Items from a data source
=== Section Start ===
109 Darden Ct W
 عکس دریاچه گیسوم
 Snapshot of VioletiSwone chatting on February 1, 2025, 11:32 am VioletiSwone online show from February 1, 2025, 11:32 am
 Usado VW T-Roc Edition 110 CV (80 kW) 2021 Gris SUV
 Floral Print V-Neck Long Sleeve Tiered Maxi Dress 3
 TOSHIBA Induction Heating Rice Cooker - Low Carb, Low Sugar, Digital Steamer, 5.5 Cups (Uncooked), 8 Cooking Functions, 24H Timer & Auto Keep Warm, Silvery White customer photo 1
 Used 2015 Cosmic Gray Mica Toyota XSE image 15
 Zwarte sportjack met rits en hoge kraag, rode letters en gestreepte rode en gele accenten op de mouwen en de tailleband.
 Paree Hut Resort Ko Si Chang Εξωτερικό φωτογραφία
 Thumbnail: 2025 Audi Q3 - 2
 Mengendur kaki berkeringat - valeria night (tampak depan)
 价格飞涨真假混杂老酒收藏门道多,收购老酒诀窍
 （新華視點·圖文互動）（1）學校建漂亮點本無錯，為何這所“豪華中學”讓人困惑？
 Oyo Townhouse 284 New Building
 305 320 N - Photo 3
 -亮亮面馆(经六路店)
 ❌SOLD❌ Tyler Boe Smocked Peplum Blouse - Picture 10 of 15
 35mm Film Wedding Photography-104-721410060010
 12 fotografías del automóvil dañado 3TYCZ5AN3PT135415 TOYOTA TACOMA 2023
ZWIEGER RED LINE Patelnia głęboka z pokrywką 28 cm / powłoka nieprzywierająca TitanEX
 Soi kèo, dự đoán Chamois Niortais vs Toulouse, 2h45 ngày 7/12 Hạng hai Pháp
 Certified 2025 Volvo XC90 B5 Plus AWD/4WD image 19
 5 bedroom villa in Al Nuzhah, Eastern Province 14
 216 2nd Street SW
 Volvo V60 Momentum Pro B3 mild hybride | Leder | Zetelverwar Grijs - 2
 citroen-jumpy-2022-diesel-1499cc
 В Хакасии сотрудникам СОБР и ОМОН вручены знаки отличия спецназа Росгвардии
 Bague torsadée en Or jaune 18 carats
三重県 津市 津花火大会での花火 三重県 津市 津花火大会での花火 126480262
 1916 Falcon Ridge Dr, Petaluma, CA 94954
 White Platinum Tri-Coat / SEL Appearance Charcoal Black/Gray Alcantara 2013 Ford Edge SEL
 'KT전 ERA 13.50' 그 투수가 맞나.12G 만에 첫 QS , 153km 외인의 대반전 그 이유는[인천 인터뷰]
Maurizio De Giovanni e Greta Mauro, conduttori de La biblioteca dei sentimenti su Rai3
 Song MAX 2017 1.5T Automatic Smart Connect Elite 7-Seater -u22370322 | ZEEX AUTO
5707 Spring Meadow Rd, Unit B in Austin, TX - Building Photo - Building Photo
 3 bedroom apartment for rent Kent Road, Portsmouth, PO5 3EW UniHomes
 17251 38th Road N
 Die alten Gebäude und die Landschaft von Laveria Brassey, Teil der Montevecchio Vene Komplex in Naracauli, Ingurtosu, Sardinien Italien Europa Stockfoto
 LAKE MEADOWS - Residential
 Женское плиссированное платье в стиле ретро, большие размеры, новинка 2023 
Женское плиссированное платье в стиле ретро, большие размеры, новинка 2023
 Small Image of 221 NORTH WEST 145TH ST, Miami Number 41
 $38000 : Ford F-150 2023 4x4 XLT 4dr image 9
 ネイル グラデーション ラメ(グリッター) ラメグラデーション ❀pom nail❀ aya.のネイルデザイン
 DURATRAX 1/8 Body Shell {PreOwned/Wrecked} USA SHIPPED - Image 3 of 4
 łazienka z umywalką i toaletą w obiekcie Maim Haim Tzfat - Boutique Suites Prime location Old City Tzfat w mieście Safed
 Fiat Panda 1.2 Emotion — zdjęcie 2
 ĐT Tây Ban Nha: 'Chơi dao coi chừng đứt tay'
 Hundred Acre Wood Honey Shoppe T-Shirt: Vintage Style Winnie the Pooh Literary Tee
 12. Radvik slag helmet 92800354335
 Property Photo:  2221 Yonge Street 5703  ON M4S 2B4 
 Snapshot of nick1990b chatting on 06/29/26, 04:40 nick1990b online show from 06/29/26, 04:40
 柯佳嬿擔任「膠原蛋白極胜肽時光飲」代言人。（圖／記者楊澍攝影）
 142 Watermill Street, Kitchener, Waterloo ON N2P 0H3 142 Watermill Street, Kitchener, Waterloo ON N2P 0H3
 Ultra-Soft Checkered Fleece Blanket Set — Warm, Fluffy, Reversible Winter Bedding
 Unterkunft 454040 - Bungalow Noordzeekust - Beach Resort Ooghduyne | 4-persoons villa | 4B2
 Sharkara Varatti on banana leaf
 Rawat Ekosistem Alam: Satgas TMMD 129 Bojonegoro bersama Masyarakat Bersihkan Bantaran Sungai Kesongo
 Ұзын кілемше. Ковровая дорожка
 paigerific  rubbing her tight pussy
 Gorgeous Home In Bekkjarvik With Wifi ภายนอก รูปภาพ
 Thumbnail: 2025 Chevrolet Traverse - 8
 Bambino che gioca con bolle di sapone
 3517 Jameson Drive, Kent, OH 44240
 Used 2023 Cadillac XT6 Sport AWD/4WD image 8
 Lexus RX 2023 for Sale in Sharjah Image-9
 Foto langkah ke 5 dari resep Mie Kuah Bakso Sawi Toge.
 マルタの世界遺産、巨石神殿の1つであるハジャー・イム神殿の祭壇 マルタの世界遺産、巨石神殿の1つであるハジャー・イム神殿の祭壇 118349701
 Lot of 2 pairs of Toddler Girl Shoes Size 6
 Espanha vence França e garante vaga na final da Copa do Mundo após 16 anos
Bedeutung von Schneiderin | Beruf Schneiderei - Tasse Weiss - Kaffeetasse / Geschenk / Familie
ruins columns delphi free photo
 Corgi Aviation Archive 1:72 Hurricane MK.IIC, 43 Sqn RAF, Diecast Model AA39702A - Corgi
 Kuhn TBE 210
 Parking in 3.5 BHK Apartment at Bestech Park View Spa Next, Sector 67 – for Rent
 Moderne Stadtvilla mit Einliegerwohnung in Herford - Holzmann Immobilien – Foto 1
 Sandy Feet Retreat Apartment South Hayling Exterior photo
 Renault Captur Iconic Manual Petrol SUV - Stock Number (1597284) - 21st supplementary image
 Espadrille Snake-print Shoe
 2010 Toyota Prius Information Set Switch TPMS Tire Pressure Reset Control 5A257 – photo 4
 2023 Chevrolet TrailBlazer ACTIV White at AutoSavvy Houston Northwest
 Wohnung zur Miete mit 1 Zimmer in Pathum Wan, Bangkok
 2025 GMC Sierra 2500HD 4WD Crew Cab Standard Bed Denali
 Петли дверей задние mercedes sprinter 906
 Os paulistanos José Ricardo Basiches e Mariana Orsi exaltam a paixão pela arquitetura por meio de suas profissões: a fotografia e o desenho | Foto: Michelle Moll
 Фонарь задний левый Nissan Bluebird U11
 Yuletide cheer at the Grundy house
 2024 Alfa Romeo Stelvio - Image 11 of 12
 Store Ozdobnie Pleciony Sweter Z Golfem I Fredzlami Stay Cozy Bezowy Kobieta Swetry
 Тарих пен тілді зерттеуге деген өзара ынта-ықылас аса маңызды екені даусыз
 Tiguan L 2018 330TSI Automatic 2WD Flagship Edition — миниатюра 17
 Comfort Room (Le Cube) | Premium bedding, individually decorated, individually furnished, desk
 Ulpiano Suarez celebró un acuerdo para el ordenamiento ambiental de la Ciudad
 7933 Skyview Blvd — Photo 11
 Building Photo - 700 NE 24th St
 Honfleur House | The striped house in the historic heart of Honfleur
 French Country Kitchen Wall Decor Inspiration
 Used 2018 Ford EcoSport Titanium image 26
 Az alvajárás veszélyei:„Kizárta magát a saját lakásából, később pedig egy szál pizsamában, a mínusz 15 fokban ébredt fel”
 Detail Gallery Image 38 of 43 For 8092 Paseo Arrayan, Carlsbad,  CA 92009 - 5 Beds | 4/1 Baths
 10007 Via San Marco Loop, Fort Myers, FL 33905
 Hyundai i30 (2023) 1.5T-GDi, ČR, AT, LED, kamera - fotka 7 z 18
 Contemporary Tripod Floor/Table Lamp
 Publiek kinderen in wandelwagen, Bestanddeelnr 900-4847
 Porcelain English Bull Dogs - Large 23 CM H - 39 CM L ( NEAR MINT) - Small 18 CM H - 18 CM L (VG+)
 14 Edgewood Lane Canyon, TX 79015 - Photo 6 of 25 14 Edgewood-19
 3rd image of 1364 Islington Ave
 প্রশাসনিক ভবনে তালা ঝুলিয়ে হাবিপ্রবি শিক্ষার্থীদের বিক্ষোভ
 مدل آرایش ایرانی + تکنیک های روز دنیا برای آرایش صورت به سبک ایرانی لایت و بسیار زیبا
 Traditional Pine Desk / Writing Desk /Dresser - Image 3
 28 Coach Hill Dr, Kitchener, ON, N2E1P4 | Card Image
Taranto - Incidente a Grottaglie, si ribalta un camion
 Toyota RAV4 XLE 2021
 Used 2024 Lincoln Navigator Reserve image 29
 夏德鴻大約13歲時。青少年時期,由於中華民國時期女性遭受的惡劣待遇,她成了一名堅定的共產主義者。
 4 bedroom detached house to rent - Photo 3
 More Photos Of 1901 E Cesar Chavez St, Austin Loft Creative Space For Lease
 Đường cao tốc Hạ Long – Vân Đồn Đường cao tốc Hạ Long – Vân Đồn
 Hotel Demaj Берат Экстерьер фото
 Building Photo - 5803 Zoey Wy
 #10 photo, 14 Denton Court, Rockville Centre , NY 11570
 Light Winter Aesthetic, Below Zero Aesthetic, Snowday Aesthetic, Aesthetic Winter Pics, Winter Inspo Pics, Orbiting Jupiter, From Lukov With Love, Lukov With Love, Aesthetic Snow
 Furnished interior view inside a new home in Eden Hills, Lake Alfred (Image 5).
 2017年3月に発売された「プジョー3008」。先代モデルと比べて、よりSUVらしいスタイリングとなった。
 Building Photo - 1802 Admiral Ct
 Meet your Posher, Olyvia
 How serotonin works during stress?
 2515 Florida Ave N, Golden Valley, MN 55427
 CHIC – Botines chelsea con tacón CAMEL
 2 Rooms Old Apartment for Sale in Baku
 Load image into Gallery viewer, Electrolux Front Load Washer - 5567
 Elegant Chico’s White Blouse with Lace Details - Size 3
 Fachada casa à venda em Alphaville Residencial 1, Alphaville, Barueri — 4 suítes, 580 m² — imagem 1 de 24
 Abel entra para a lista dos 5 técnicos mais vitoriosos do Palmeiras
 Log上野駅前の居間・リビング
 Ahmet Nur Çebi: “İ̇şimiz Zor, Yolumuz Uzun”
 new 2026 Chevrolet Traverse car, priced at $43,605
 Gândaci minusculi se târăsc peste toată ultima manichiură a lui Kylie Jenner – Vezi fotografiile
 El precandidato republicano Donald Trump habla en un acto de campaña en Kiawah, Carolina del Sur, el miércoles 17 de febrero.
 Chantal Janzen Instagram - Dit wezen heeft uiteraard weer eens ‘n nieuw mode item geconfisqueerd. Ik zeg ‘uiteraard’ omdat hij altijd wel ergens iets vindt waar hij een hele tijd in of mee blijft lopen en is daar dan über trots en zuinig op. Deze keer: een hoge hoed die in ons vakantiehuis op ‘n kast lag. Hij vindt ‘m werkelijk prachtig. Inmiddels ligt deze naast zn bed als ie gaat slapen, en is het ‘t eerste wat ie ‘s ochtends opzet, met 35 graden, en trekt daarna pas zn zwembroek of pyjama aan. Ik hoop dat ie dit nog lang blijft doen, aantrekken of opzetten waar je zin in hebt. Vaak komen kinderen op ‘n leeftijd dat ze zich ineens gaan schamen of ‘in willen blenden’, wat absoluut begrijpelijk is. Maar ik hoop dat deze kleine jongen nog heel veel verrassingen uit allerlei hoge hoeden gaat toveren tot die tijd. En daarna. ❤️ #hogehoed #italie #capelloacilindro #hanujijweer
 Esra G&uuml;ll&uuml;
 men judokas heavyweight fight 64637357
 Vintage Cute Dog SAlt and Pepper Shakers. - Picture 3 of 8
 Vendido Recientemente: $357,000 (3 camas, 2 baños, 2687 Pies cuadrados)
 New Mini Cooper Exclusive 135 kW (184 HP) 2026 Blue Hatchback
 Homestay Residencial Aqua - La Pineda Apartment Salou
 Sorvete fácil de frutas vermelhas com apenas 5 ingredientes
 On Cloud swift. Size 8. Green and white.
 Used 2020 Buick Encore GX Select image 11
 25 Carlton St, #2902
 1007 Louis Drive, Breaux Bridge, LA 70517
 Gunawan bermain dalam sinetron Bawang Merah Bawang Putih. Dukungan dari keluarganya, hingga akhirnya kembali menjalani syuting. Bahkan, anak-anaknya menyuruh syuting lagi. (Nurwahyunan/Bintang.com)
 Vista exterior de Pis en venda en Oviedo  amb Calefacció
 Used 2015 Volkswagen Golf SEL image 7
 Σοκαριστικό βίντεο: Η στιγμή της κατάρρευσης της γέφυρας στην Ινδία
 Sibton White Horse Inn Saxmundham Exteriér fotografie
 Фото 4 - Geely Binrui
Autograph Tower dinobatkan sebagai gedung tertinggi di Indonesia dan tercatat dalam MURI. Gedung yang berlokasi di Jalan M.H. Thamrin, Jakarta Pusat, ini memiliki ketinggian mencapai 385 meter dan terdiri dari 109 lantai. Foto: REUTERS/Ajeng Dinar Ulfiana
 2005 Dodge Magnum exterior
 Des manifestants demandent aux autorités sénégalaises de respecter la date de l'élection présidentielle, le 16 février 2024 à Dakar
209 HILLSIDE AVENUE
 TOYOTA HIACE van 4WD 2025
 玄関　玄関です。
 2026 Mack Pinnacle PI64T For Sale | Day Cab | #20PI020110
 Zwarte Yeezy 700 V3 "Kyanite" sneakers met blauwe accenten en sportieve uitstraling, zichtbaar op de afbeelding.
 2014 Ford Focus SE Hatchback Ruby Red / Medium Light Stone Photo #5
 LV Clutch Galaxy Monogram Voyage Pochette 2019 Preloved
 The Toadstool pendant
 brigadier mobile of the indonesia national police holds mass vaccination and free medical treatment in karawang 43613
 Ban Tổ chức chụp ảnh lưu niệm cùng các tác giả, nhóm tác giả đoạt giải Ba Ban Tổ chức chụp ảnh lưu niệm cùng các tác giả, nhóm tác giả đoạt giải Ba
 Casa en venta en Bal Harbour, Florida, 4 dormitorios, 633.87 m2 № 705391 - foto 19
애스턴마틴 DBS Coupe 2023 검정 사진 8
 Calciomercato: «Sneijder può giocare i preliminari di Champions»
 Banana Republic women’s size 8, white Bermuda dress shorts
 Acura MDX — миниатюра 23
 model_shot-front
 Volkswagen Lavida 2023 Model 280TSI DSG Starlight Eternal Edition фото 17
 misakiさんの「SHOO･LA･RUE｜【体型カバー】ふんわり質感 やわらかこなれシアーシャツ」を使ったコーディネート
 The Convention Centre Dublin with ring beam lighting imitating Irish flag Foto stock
=== Section End ===
** Exercise **
All lines above from the one containing "Sandy Feet Retreat" to the one containing "2010 Toyota Prius" must be repeated exactly, both lines included, and no others.

** Exercise result **
 Sandy Feet Retreat Apartment South Hayling Exterior photo
 Renault Captur Iconic Manual Petrol SUV - Stock Number (1597284) - 21st supplementary image
 Espadrille Snake-print Shoe
 2010 Toyota Prius Information Set Switch TPMS Tire Pressure Reset Control 5A257 – photo 4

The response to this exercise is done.